Tales expresiones excitaron murmullos de desaprobación en la comitiva del Príncipe.

—¡Eso pasaría de chanza! —dijo De Bracy—. ¿Qué caballero había de poner lanza en ristre después de semejante elección?

—¡Seria insultar a vuestros caballeros! —dijo Waldemar Fitzurse, el más antiguo de los cortesanos del príncipe Juan—. Y si Vuestra Alteza persiste en llevar a cabo ese proyecto, trabajara solo para arruinar sus designios.

—¡Barón —repuso el Príncipe con altanería—, os pago para que me sigáis, no para que me aconsejéis!

—Pero los que siguen a Vuestra Alteza por los caminos que transita —le dijo en voz baja Fitzurse— han adquirido cierto derecho a aconsejaros, puesto que tienen comprometidos sus intereses, su honor y su vida.

Juan perdonó al cortesano esta reflexión en gracia del tono con que la había hecho, y añadió:

—¡He querido chancearme, y todos se irritan cual si fueran víboras pisadas! ¡Nombrad, con mil diablos, la que más os acomode y no me rompáis la cabeza con vuestras observaciones!

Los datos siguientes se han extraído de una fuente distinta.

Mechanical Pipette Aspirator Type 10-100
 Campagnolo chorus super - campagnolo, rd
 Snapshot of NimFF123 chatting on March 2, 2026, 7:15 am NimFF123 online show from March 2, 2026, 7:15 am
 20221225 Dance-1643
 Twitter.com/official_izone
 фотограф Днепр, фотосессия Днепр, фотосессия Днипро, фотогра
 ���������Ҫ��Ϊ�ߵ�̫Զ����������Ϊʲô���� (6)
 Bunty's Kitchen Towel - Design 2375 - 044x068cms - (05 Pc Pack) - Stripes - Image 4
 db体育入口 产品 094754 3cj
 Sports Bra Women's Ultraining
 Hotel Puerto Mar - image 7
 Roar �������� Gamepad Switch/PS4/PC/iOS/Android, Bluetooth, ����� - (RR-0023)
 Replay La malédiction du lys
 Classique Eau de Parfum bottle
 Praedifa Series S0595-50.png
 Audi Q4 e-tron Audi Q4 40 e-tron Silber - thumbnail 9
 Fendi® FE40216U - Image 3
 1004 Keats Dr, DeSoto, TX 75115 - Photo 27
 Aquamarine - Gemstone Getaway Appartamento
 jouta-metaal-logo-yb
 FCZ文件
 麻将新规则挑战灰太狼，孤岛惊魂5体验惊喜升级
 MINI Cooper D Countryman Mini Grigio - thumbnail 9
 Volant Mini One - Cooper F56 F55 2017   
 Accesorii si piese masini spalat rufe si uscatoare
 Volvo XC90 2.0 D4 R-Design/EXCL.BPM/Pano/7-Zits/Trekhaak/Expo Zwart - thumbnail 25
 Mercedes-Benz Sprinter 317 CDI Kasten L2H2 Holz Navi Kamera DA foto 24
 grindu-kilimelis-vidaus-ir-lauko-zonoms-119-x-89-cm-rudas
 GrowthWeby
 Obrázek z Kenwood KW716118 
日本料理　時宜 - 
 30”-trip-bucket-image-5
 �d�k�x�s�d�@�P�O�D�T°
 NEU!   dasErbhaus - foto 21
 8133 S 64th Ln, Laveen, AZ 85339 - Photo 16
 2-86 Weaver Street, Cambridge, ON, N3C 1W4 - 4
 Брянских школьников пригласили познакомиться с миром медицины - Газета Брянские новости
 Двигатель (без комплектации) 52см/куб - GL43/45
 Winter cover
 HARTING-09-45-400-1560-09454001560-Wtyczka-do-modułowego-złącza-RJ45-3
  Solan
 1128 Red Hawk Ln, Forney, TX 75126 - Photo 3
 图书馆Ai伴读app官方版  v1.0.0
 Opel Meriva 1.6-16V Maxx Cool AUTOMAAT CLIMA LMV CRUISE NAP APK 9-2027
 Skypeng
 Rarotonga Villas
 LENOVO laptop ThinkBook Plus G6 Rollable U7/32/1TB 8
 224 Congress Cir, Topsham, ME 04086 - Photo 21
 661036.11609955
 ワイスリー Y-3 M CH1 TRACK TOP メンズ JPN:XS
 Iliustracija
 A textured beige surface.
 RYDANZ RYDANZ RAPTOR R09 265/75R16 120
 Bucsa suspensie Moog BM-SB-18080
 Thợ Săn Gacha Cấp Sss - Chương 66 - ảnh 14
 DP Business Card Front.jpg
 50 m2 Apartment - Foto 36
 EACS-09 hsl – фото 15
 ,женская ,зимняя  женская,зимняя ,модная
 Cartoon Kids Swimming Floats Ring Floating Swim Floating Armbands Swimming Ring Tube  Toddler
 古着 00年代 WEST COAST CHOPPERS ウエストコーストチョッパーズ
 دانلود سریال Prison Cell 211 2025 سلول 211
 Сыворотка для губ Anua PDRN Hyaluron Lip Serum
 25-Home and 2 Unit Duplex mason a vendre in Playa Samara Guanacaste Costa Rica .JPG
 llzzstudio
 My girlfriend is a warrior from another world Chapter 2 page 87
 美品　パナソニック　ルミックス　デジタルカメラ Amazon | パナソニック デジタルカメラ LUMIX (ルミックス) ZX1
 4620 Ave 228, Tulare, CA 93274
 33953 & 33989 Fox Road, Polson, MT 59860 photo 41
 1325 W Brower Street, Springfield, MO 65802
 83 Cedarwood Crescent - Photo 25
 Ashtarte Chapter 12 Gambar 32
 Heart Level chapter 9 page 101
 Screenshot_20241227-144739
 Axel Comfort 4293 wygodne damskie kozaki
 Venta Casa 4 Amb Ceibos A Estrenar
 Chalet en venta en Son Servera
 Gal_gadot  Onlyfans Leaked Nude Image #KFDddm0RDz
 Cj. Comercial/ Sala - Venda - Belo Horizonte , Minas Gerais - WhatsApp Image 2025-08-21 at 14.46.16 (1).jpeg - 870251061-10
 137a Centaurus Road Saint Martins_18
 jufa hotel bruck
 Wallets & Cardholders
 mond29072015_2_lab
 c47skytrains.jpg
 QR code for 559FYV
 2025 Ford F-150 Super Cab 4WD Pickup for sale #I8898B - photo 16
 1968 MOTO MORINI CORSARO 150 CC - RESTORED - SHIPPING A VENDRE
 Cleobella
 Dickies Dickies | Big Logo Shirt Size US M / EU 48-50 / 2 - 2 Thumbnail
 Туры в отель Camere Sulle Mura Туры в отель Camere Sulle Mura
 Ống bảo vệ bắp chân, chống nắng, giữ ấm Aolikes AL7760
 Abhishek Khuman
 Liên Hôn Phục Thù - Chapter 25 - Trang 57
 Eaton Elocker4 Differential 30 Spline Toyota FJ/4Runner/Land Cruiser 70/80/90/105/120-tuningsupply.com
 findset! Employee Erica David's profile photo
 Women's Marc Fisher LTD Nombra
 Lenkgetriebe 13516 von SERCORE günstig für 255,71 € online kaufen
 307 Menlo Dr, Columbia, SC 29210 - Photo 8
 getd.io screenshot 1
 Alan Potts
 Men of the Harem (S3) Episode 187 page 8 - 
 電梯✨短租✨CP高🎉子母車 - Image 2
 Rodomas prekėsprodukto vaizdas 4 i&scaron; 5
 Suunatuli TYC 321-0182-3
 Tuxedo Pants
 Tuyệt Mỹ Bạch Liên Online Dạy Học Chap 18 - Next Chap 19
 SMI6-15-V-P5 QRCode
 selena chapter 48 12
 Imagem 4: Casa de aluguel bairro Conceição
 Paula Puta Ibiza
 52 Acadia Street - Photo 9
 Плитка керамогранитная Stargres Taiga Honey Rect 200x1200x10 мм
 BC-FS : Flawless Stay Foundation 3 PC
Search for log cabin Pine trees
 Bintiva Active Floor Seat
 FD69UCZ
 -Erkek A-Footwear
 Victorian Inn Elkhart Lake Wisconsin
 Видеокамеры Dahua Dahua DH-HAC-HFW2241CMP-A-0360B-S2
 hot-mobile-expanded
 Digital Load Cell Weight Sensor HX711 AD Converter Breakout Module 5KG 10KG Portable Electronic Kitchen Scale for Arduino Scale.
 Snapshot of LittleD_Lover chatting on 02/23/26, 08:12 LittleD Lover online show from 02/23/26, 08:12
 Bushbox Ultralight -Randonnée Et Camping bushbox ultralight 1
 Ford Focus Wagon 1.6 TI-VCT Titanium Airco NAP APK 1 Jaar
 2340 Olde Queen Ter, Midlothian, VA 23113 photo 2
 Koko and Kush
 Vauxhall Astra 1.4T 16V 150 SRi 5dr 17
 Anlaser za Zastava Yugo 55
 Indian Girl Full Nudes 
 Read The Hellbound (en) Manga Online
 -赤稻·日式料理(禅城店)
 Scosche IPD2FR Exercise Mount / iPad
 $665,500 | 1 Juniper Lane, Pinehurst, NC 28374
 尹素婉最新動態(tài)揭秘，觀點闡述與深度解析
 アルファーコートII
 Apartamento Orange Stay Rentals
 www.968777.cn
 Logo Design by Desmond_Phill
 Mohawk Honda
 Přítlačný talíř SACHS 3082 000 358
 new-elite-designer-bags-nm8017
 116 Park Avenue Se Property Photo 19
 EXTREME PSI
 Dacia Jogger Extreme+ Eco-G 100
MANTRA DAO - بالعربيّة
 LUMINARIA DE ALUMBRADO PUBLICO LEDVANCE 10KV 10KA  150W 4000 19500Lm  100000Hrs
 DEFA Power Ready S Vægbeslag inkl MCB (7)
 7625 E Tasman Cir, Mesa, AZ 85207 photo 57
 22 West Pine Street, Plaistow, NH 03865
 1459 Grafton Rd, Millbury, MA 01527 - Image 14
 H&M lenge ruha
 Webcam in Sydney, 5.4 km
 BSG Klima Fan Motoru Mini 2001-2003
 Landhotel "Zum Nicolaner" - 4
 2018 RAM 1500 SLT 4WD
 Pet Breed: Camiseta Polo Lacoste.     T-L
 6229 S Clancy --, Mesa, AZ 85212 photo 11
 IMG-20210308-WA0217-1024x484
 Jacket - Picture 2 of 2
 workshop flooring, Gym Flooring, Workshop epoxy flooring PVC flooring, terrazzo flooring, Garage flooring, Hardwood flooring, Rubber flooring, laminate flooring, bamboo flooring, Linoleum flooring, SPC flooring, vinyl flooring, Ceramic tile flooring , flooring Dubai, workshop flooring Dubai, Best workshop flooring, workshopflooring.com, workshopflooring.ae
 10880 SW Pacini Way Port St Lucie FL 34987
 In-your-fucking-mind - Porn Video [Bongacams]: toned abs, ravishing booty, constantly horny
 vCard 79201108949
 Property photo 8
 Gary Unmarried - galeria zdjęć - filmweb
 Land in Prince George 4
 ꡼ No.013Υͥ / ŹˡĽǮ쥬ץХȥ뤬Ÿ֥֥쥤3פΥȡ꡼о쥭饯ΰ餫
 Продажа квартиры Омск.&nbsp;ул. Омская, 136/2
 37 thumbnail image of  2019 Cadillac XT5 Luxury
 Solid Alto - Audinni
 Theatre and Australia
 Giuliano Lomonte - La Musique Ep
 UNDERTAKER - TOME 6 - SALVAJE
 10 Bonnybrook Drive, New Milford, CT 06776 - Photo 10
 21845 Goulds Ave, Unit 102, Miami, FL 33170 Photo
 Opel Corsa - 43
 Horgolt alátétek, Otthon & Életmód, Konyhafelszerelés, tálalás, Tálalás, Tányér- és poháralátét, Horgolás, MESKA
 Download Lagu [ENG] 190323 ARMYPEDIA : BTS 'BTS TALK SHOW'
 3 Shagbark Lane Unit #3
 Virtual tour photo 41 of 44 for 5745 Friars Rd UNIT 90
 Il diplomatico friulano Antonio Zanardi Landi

—Yo creo —dijo De Bracy— que sería lo más oportuno dejar vacante el trono hasta que, publicado el nombre del vencedor, este elija la bella que ha de ocuparle. De ese modo el triunfo será más satisfactorio, y todas las damas apreciaran el homenaje de los caballeros que están en posición de elevarlas a tan alta dignidad.

—Si venciese Bois-Guilbert —dijo el Prior—, no dudo quien será la reina de los amores y de la hermosura.

—Buena lanza es Bois-Guilbert —repuso De Bracy—; pero hay otras en el torneo que no le ceden en nada.

—¡Silencio, señores —dijo Fitzurse—, que es ya hora de que el Príncipe ocupe su trono! Los caballeros y espectadores están impacientes, pasa el tiempo, y debe empezar la función.

El Príncipe, aunque no era todavía monarca, encontraba en Waldemar Fitzurse todos los inconvenientes de un favorito que sirve a su soberano, pero a su manera y según sus favoritas ideas y caprichos. El carácter de Juan Sin Tierra era obstinado hasta en las más triviales frioleras. Ocupó su trono rodeado de sus cortesanos, y ordenó a los heraldos que publicasen las leyes del torneo, que, poco más o menos eran las siguientes:

Primera. Los cinco caballeros mantenedores debían aceptar el combate con todos los caballeros que se presentaran.

Segunda. Todo caballero tendría derecho a elegir un antagonista particular entre los mantenedores, para lo cual bastaría tocar su escudo. Si le tocase con el cuento o extremo inferior de la lanza, el combate sería con el hierro de la lanza embotado en una plancha de madera, combate que se llama de armas corteses; pero si el caballero tocase el escudo de su antagonista con el hierro, el combate sería a muerte, como en una verdadera batalla.

Tercera. Cuando los caballeros mantenedores hubieran cumplido su voto rompiendo cinco lanzas cada uno, el Príncipe declararía el vencedor del primer día, el cual recibiría en premio un magnífico caballo de batalla, de perfecta estampa y de todo vigor e intrepidez, y además de este galardón tendría el honroso derecho de elegir la reina de la belleza y de los amores, a la cual correspondía dar el premio del segundo día.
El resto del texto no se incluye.